Tomorrow, Wednesday February 1,2012 Thabiti Anyawile(Reformed Baptist African American pastor from Cayman Islands) will be giving a lecture at TIU(Trinity International University).This is a well awaited and needed discussion that has been on alot of minds for a while now,especially in African American communities and churches reformed and non reformed.

You can view the LIVE stream at: Jonathan Edwards and American Racism - TIU Newsroom

It starts at 1:30pm CST
End at 2:30 CST

Tune in for one of the most anticipated, and possibly most beneficial discussions of the year!


----------



## AThornquist (Jan 31, 2012)

Thanks for the heads up!


----------



## rbcbob (Jan 31, 2012)

JS116 said:


> Tune in for one of the most anticipated, and possibly most beneficial discussions of the year!



Shawn could you post a summary for those of us who cannot catch it live?


----------



## Pergamum (Jan 31, 2012)

Wow, I would love to get the transcripts and hear the connections. I know Edwards was a missionary to the Indians in New England after he left his church but I don't recall him mentioning much about racism in his writings.


----------



## JS116 (Jan 31, 2012)

rbcbob said:


> Shawn could you post a summary for those of us who cannot catch it live?



Yea,I can most definitely do that,I think think they will have it available for recap shortly after also.
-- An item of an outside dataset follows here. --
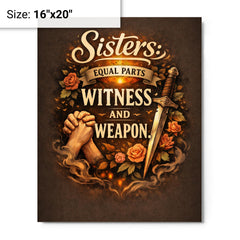Sisters equal parts witness and weapon metal print on a plain backdrop in size 16"x20".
but,I will most likely talk about it on the forum.


----------



## rbcbob (Jan 31, 2012)

Thanks!


----------



## Unoriginalname (Jan 31, 2012)

Pergamum said:


> Wow, I would love to get the transcripts and hear the connections. I know Edwards was a missionary to the Indians in New England after he left his church but I don't recall him mentioning much about racism in his writings.
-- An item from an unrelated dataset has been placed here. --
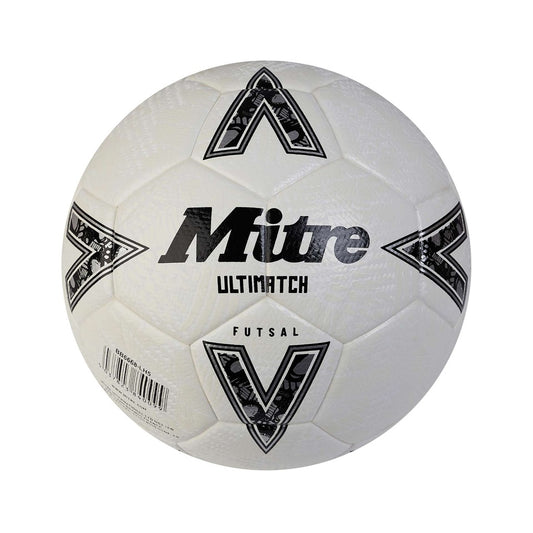 Mitre Ultimatch Futsal Football (White Black)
I would also like to see a transcript because I am interested were Edwards falls. I know he did have a few house slaves through his life but I would be surprised to find if he said anything nearly as vile about people of African descent as Dabney.


----------



## JS116 (Feb 2, 2012)

It never came on..I waited for the stream but no hopesss..hopefully they'll have it on the web tomorrow


----------



## Andres (Feb 2, 2012)

JS116 said:


> It never came on..I waited for the stream but no hopesss..hopefully they'll have it on the web tomorrow



I wanted to see this but I ended up getting busy so I missed the time. I do hope a recording will be made available. If you find something Shawn, please keep us posted.


----------



## JS116 (Feb 20, 2012)

It's finally up!

Audio/Video for the Jonathan Edwards, Slavery, and Theology Lecture Available – Pure Church by Thabiti Anyabwile


----------